Bern wäre ja nicht Hauptstadt der Schweiz, hätten nicht Reinigungstrupps jegliche Überbleibsel bereits beseitigt. Nun wird aber Ursachenforschung betrieben.
Die rein emotionale Reaktion ist klar, quer durch alle Parteien. Es geht nicht, dass man vor Wahlen mit Gewalt eine Demonstration stört, erklärte dazu der Meinungsforscher Claude Longchamp, Leiter des Forschungsinstituts gfs.bern, Montag früh gegenüber der APA. Allerdings habe sich seit Sonntag abgezeichnet, dass eine Frage immer virulenter wird: Wer ist eigentlich verantwortlich für die Polarisierung?
Prinzipiell sei die Stimmungslage ist klar zugunsten der SVP (Schweizerische Volkspartei), analysierte Longchamp, die SVP versucht natürlich, ihre innere Mobilisierung daraufzusetzen, dass sie attackiert worden ist, was ein Fakt ist und es ist nicht auszuschließen, dass das vor den Wahlen noch einmal hilft.
Nach jüngsten Umfragen von gfs.bern könnte die SVP ihr Rekordergebnis von 2003 wieder erreichen. Sie käme auf 26,7 Prozent, nach den jüngsten Ereignissen sogar darüber. An zweiter Stelle stünde demnach die SP mit 22,3 Prozent. Es folgen die CVP (15,4 Prozent) vor der FDP (15 Prozent). Von den Grünen wird der größte Zuwachs erwartet, sie wollen die Zehn-Prozent-Marke überschreiten.
Die SVP bevorzuge derzeit folgenden Diskurs, meinte der Politologe: Wer ist verantwortlich für die Polizei? Denn das ist klar, das ist die rot-grüne Regierung in der Stadt Bern. Das ist auch der politische Gegner. Die Frage sei nun aber, ob die Polarisierung nicht auch von der SVP mitverschuldet oder angeschoben worden ist.

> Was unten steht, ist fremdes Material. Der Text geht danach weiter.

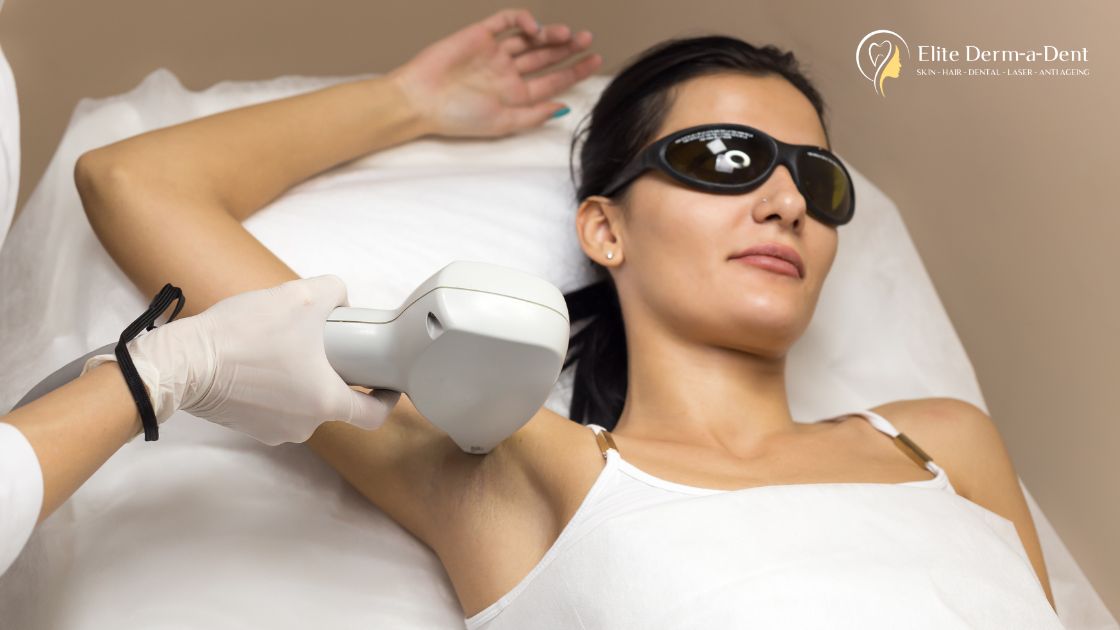 Laser Hair Removal in Thane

So habe sogar der Präsident der Polizeivereinigung die SVP kritisiert und gesagt hat: Wer Dreck schmeißt, bekommt ihn zurück. Man werde noch ein bisschen hinschauen müssen, wie sich diese Diskussion auf die Wähler auswirken werde.
Die Neue Zürcher Zeitung sah die Lage freilich klar. Wo Chaoten regieren, schrieb die NZZ und kritisierte auch SP-Politiker wie Bundespräsidentin und Außenministerin Micheline Calmy-Rey, die der SVP indirekt eine Mitschuld an den Vorfällen gegeben hatte: Damit wird auf verhängnisvolle Weise insinuiert, die Krawallmacher handelten politisch. Davon kann keine Rede sein, auch wenn die Radaubrüder gezielt politische Ereignisse zum Vorwand nehmen, um sich auf Kosten der Allgemeinheit auszutoben.
In einem Wahlkampf müsse es erlaubt sein, mit zugespitzten Botschaften zu provozieren. Es ist dann an den Wählern, mit ihrer Stimme eine Kampagne abzustrafen oder zu belohnen. Dass die Chaoten das Recht auf freie Meinungsäußerung aufs Gröbste beschädigten und das rot-grün regierte Bern dabei ohnmächtig zusah, dürfte der SVP jedenfalls mehr nützen als schaden.
In Bern hätte am Samstag ein friedlicher Umzug von Anhängern der rechtskonservativen SVP stattfinden sollen, der von einigen Dutzend Mitgliedern des linksautonomen Schwarzen Blocks verhindert wurde. Sie verwickelten die Polizei in Straßenkämpfe und zerstörten die auf dem Bundesplatz aufgestellte Festeinrichtung.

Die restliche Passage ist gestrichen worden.